Web Infrastructure 101

Published in

The Startup

8 min readAug 26, 2019

A straightforward behind-the-scenes of what happens when you type holbertonschool.com and hit Enter.

Not long ago, all the little day-to-day tasks made sense. Everything people did had a purpose and was easy to understand; Killing the deer for food, bringing up the bucket of water from the well to hydrate, cutting wood to create shelter.

Today… well, today things are a bit more complex. Most of the simple tasks we perform, we do without knowing what’s actually going on. I’m sure you can think of some — driving a car, printing a document, charging your phone, making a phone call, and so on.

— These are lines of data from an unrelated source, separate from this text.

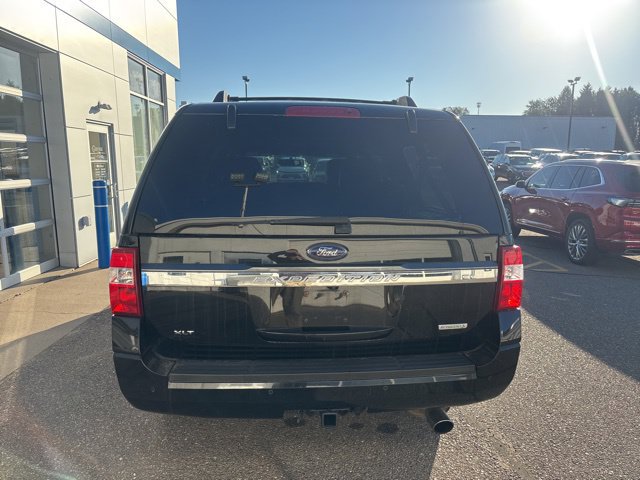 Used 2017 Ford Expedition EL XLT w/ Equipment Group 202A AWD/4WD image 6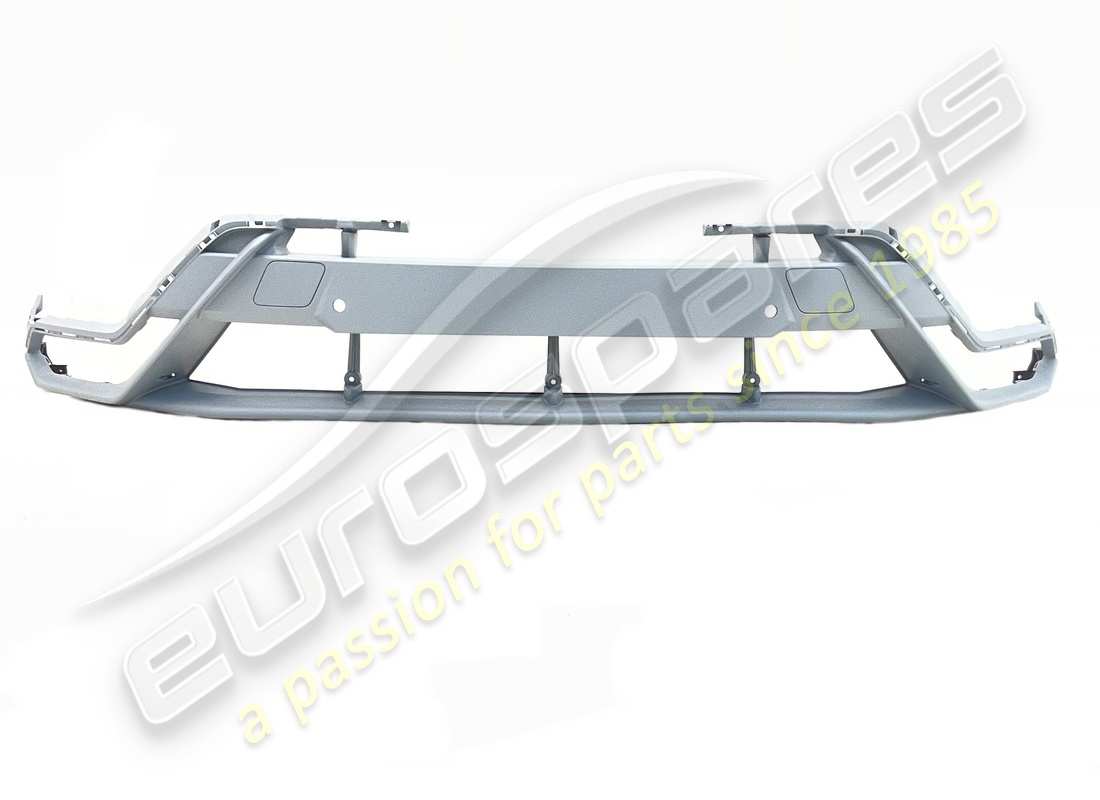 nueva cubierta de parachoques lamborghini. número de parte 4ml898933gru (1)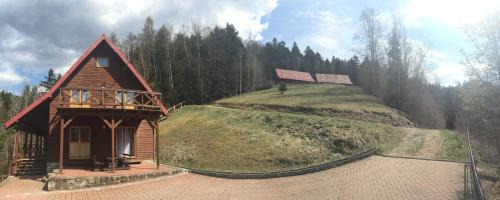 Wierchomla Mała Casa | Domki na Górce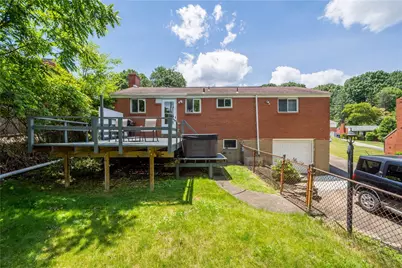 5185 Caste Drive, Pittsburgh, PA 15236 - Photo 35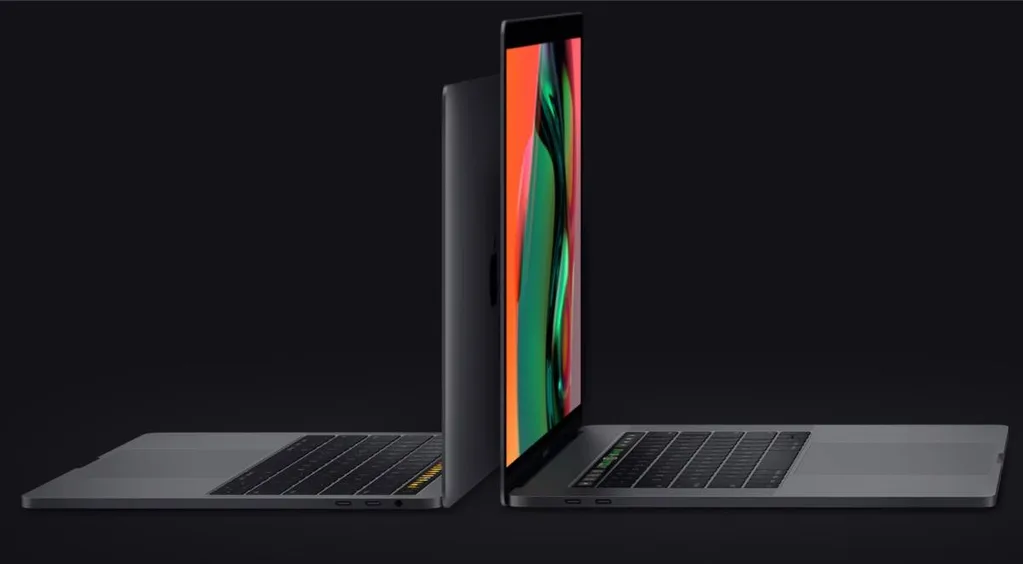 Apple MacBook Pro serisine yeni ve daha güçlü seçenekler ekledi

In this article, we’ll take a look behind the scenes of one of these tasks: browsing the Internet! Have you ever thought of what really happens when you type a site such as https://www.holbertonschool.com and hit ‘Enter’? Let’s get started!

DNS — Domain Name Servers

Think of DNS like one huge phonebook (approximately 333.8 million domain names as of 2018). If you were to try and remember all your contact's phone numbers, you would have an extremely hard time. The same goes for domain names! What’s easier to remember — holbertonschool.com, or 99.84.216.49?

The Internet is composed of millions of IP Addresses (those 4 numbers separated by dots — such as 8.8.8.8). Actually, every single device with an active Internet connection has its own IP address, including your smartphone and computer. Each IP address (website IP addresses) has a corresponding domain name, which is the actual website name that you know. The whole purpose of Domain Name Servers is to make sure you don’t have to remember every single IP address.

DNS is a protocol within the set of standards for how computers exchange data on the internet and on many private networks, known as the TCP/IP protocol suite.

Your computer uses a DNS server to look up the website you’re trying to access; The proper term for this is DNS Name Resolution and it usually involves using your ISP (Internet Service Provider). The process of finding the correct address can be quite complicated and usually goes through several different stages, but all this happens in a matter of milliseconds without you even knowing. We could dig very deep into this process but that would take up the rest of this blog post 😃. If you’re interested in learning more about DNS, I would recommend this lovely cartoon which simplifies everything!

TCP/IP

Transmission Control Protocol (TCP) and Internet Protocol (IP, not to be confused with IP address we spoke of earlier) are very common network protocols that define the way our Internet currently works.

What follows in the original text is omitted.